Under AASB 119 leave accrues daily as employees work — you owe it before it is taken — so each pay period you raise a provision: Dr Annual Leave Expense / Cr Provision for Annual Leave. When leave is taken, the provision is drawn down (Dr Provision / Cr Cash) with no new expense, because it was already provided for. Some awards add a 17.5% leave loading to the entitlement.
Is a dividend an expense?
No. A declared dividend is a distribution of profit, not a cost of earning it, so it never appears on the Income Statement. When declared it reduces retained earnings and creates a liability (Dr Retained Earnings / Cr Dividend Payable); on payment it is Dr Dividend Payable / Cr Cash. Owner drawings in a sole trader are the equivalent — a return of capital, not an expense.

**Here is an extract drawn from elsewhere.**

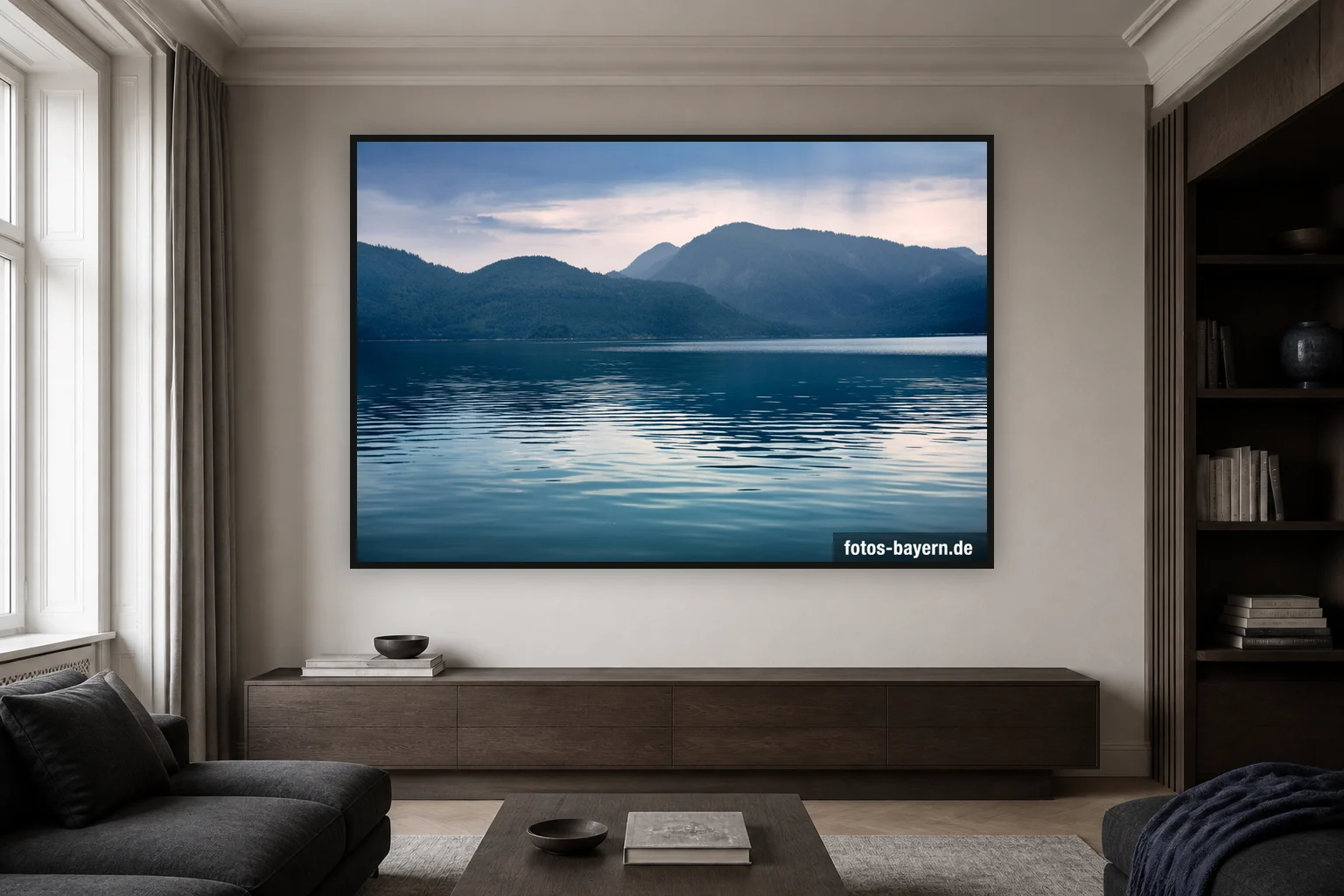 Konzept-Mockup eines Walchensee-Motivs als großformatiger Metallprint in einem ruhigen Wohnraum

What do I actually need for the ratio questions?
Mostly meaning and direction, not heavy calculation. Know each ratio’s formula and whether higher is better — profit margin and ROA (higher = better), current and quick ratios (higher = more liquid), inventory and receivables turnover (higher = faster), and the debt ratio (higher = more risk). Use averages (opening + closing)/2 for any turnover or return ratio, and always interpret against a benchmark rather than reading a single ratio in isolation.
Exam move
Split this third into three drills. For liabilities, nail the provision-vs-contingent fork (recognise only when probable and measurable) and the leave-provision entry (accrue weekly, draw down when taken). For equity, keep the sole-trader (Capital/Drawings) and company (Share Capital/Retained Earnings) forms separate and remember a declared dividend is a liability, never an expense. For analysis, learn each ratio’s formula and direction, compute with averages where needed, and always state both the number and its meaning against a benchmark — the eExam tests interpretation, not arithmetic. Every applied item still runs the four beats: analyse, identify accounts & direction, record/compute, flow to the statement.